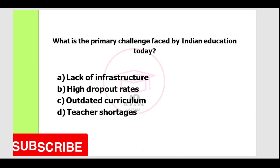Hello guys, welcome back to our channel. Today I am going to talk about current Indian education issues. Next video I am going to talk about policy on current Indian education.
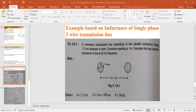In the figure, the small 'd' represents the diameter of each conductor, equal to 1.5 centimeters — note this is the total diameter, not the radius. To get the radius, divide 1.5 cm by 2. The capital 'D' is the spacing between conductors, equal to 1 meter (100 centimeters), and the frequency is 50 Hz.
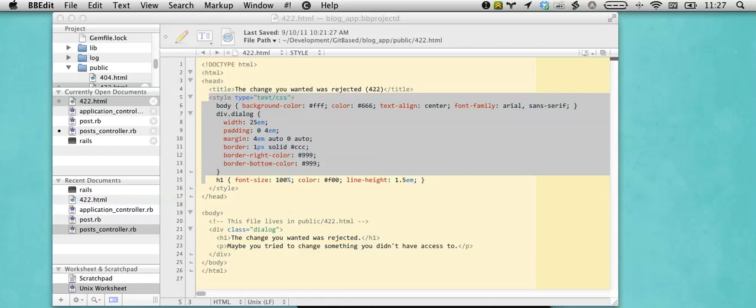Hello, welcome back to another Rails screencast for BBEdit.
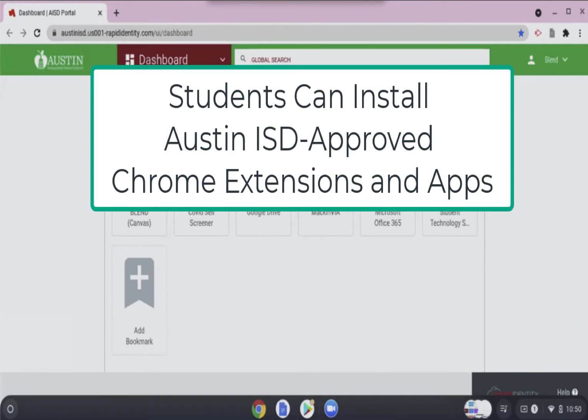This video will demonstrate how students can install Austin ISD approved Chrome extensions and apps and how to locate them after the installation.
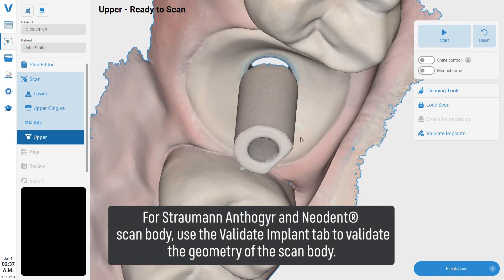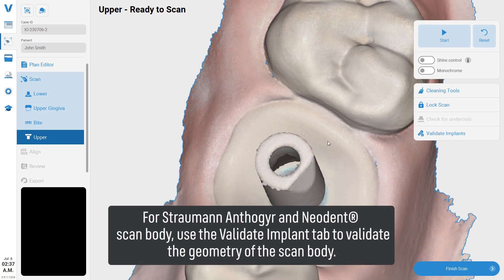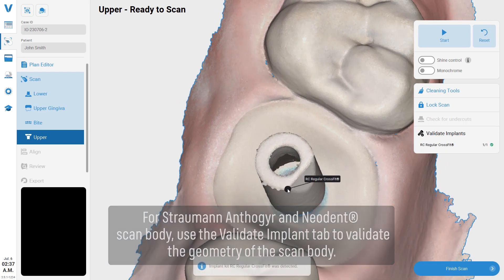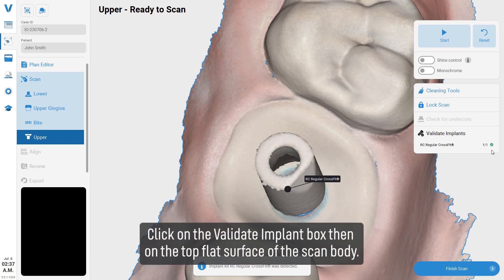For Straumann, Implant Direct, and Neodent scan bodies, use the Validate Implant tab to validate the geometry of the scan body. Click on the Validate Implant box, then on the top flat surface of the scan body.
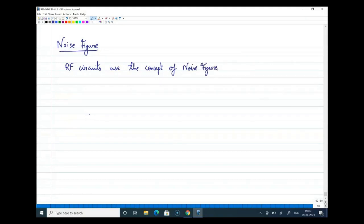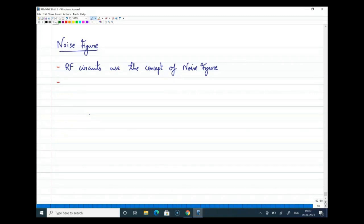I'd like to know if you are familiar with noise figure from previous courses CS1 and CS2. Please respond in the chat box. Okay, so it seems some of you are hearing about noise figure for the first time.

____________

## WHAT YOU SHOULD DO:
Could the entries above be restated word for word, with the pictures left out?

## ANSWER BOX:
Hello guys, welcome back to our channel. Today I am going to talk about current Indian education issues. Next video I am going to talk about policy on current Indian education.
In the figure, the small 'd' represents the diameter of each conductor, equal to 1.5 centimeters — note this is the total diameter, not the radius. To get the radius, divide 1.5 cm by 2. The capital 'D' is the spacing between conductors, equal to 1 meter (100 centimeters), and the frequency is 50 Hz.
Hello, welcome back to another Rails screencast for BBEdit.
This video will demonstrate how students can install Austin ISD approved Chrome extensions and apps and how to locate them after the installation.
For Straumann, Implant Direct, and Neodent scan bodies, use the Validate Implant tab to validate the geometry of the scan body. Click on the Validate Implant box, then on the top flat surface of the scan body.
I'd like to know if you are familiar with noise figure from previous courses CS1 and CS2. Please respond in the chat box. Okay, so it seems some of you are hearing about noise figure for the first time.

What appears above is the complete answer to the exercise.